Roberto Rossellini Profile
Born into a bourgeois Roman family, Rossellini spent his formative years under Mussolini's fascist fist and, by his early 30s, had drifted into filmmaking--a common pattern amongst the idle Italian rich. He worked with his friend, producer Vittorio Mussolini, the son of "Il Duce", on the script for "Luciano Serra Pilota" (1938), a propaganda film which showed some early marks of a neorealist style. After directing a handful of pictures under the official government banner, Rossellini, the stereotypically apolitical Roman, made an indelible mark on world cinema in 1945 with "Open City." Despite a lukewarm response in Italy, the film was a sensation in France and the US with its raw, near-documentary style: grainy black-and-white photography, amateur performers and real locations. These were elements that audiences had not previously seen in feature films, and "Open City" was hailed as bringing a new kind of realism, "neorealism," to the screen.

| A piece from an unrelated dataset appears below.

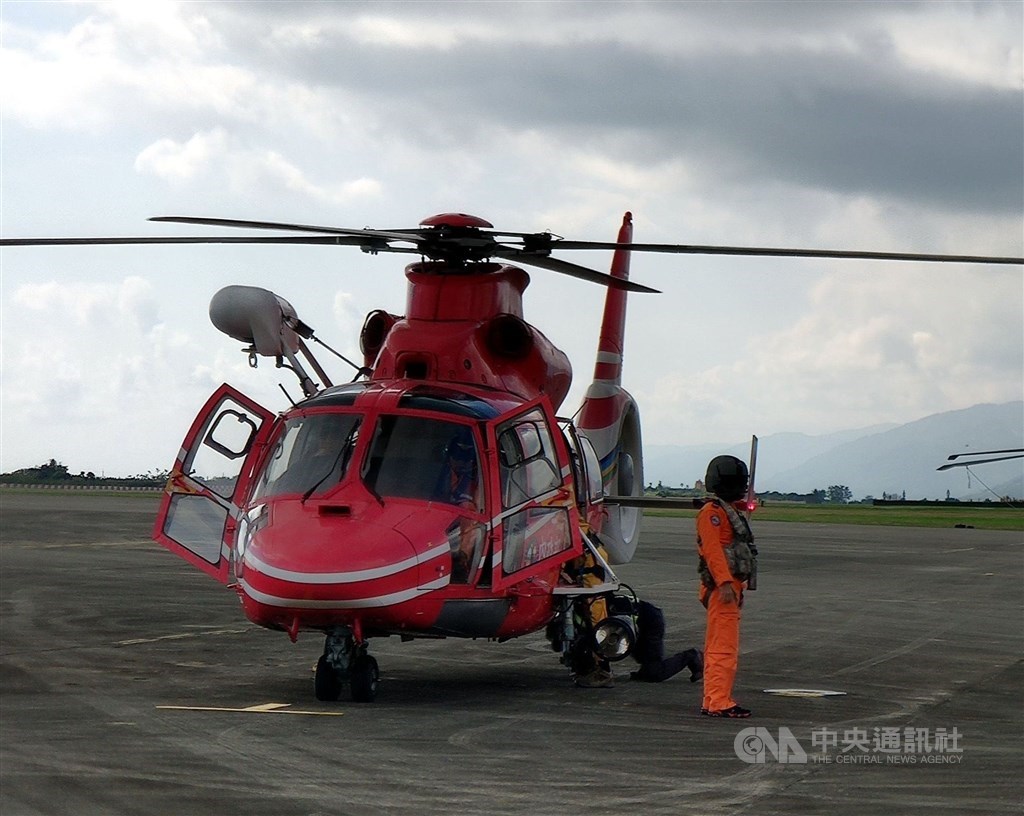 一架空勤總隊海豚直升機7日墜落高雄小港機場,詳細肇因仍待調查釐清。圖為同型機。(中央社檔案照片)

While his two subsequent films--"Paisan" (1946, one of his greatest achievements) and "Germany, Year Zero" (1947)--bore the hallmarks of the neorealist style, Rossellini drew increasing critical fire for his use of melodrama (especially through his brother Renzo's musical scores) and Hollywood narrative conventions. He had never been a strict neorealist, however. His aim was to understand rather than recreate reality, sometimes for an expressly pedagogical function (witness his masterful and unusual "The Flowers of St. Francis" 1948), and he incorporated other expressionistic elements into nearly all his work. These elements are particularly evident in films such as the underappreciated "Fear" (1954), with its psychologically based visuals, but had already been partially present in "Open City".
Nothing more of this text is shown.